Pengusaha kertas dan bubur kertas mengalami kendala dalam pengurusan perizinan dalam pengembalian (reekspor) bahan baku dari negara lain. Bahan baku impor ini teridentifikasi tercemar limbah Bahan Berbahaya dan Beracun (B3).
Direktur Eksekutif Asosiasi Pulp dan Kertas Indonesia (APKI) Liana Bratasida mengatakan proses pengurusan izin reekspor Direktorat Jenderal Bea dan Cukai memakan waktu hingga empat bulan. Dengan demikian, pengusaha pulp dan kertas mengalami kerugian hingga Rp2 miliar.
"Proses izinnya itu biasanya bisa lama banget sampai empat bulan, padahal kan harus cepat," kata Liana di Jakarta, Selasa (12/11)/
Liana mengatakan, sesuai dengan peraturan menteri perdagangan, jika impor sampah tersebut ternyata ditemukan limbah B3, maka importir harus melakukan ekspor kembali. Hanya saja proses tersebut membutuhkan izin dari lembaga terkait. Liana mengaku selama ini pihaknya belum diajak bicara oleh kementerian terkait mengenai permasalahan tersebut.
Dia pun mempertanyakan kriteria mengenai sampah yang tergolong bersih dan tercemar. Sebab, lanjutnya, sampah yang tercemar limbah tersebut harus memiliki kriteria yang jelas agar dapat masuk ke negara eksportir. Dia mengatakan, sampai saat ini belum menerima bukti tertulis soal kontainer yang tercemar limbah B3.
"Negara yang dituduh harus ada bukti kalau itu limbah B3, nggak bisa kalau hanya ngomong," jelasnya.
Liana menuturkan, hingga saat ini pun definisi antar kementerian y belum sama mengenai kriteria sampah yang bersih dan tercemar meski Indonesia sudah mengakui definisi internasional yang diprakarsai Konvensi Basel.
"Karena definisi limbah B3 satu dengan yang lain gak sama antar persepsi kementerian," ucapnya.
Sementara itu, Kasubdit Impor Direktorat Jenderal Bea dan Cukai Djanurindro Wibowo mengatakan proses pemeriksaan dan pengembalian sampah impor yang tercemar limbah B3 hanya membutuhkan waktu 30 hari, karena tidak mungkin berlama-lama tertahan di pelabuhan.
"Kalau di kita kan sudah buatkan (aturannya) biasanya tidak lebih dari 30 hari. Karena kan di pelabuhan itu nggak boleh lama," ucapnya.

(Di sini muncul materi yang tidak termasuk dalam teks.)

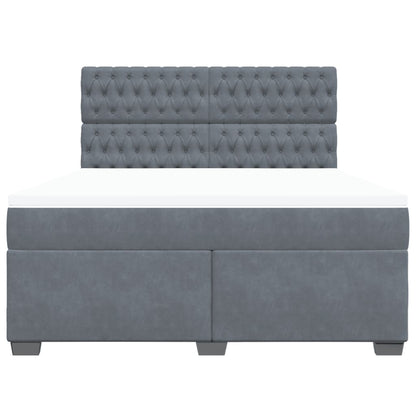 Boxspring met matras fluweel donkergrijs 180x200 cm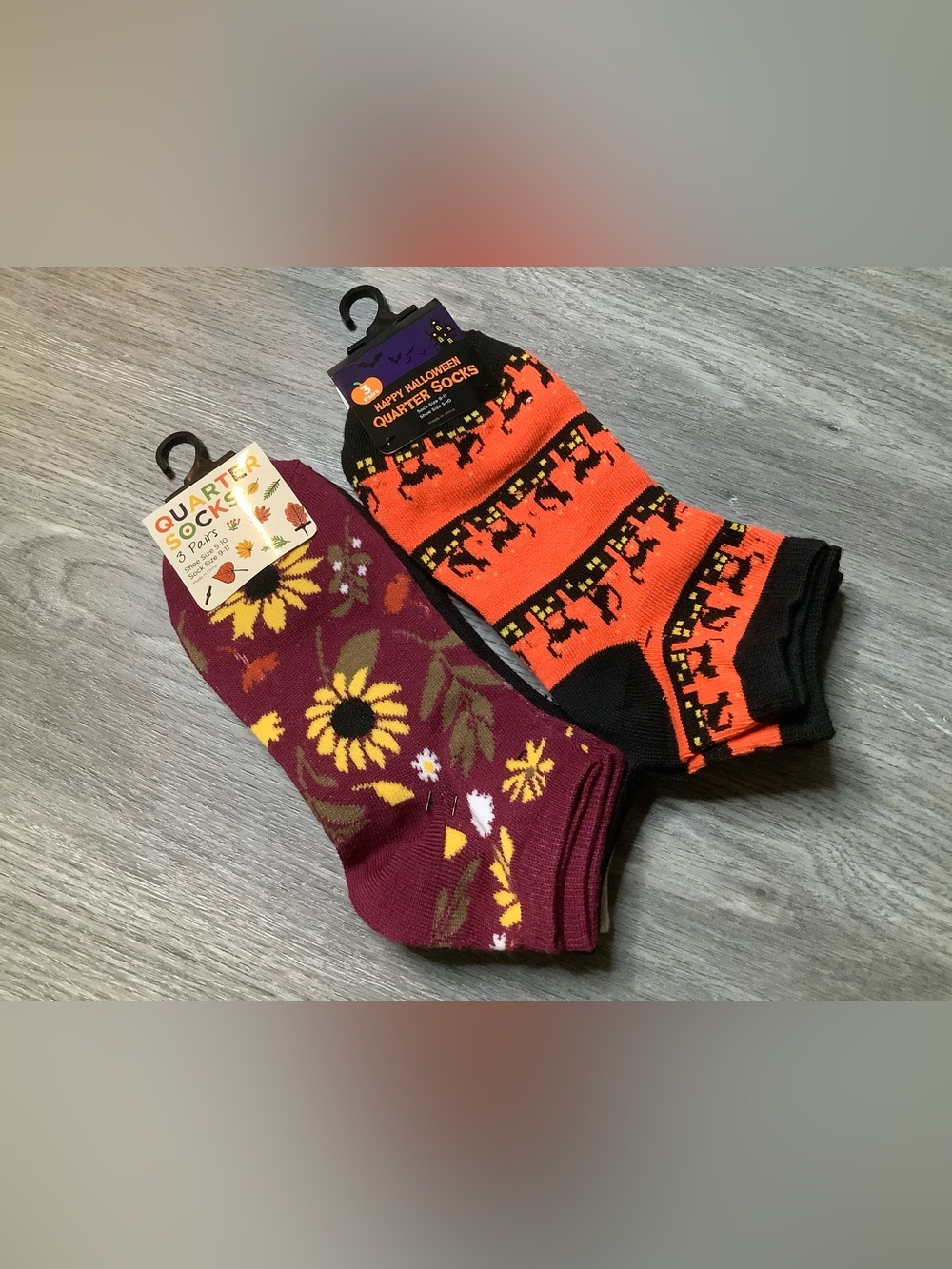 Women's Halloween Cat & Sunflower Quarter Sock Duo - Orange, Black & Burgundy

Dia pun mengatakan masih tertahannya 1.064 kontainer yang belum terverifikasi di pelabuhan Tanjung Priok apakah tercemar limbah B3 atau bersih, disebabkan karena belum adanya pengajuan pemberitahuan impor barang (PIB) dari importir sehingga belum dapat ditentukan statusnya.

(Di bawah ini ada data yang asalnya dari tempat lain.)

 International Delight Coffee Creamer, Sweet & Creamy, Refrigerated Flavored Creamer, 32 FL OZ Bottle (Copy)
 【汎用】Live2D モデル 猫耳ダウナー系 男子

"Yang tersisa itu karena belum diajukan. Jadi barangnya sudah datang, dia belum mengajukan dokumen pemberitahuan impor barang (PIB). Belum bisa diproses," lanjutnya.
Namun demikian, kata Djanurindro, saat ini sudah ada kontainer yang tercemar B3 yang dikirim kembali ke negara asalnya. Berdasarkan data Ditjen Bea Cukai, jumlah kontainer yang sudah direekspor ulang itu sebanyak 374 kontainer.
Akan tetapi, dari 374 kontainer yang dikirim kembali, belum satu pun yang mencapai ke negara asalnya setelah 12 hari kerja. Waktu itu terhitung sejak Dirjen Bea dan Cukai Heru Pambudi pada 31 Oktober lalu mengatakan akan memprosesnya selama 30 hari.
"Masih di perjalanan ya, saya belum pantau ya kondisi yang sekarang. Waktu yang prescon saya mendampingi Pak Dirjen itu masih di perjalanan," jelas Djanurindro.
Untuk diketahui, sampah impor tersebut datang dari negara-negara maju seperti Amerika Serikat, Jerman, Perancis, Belanda, Slovenia, Spanyol, Jepang, Hongkong, dan Inggris.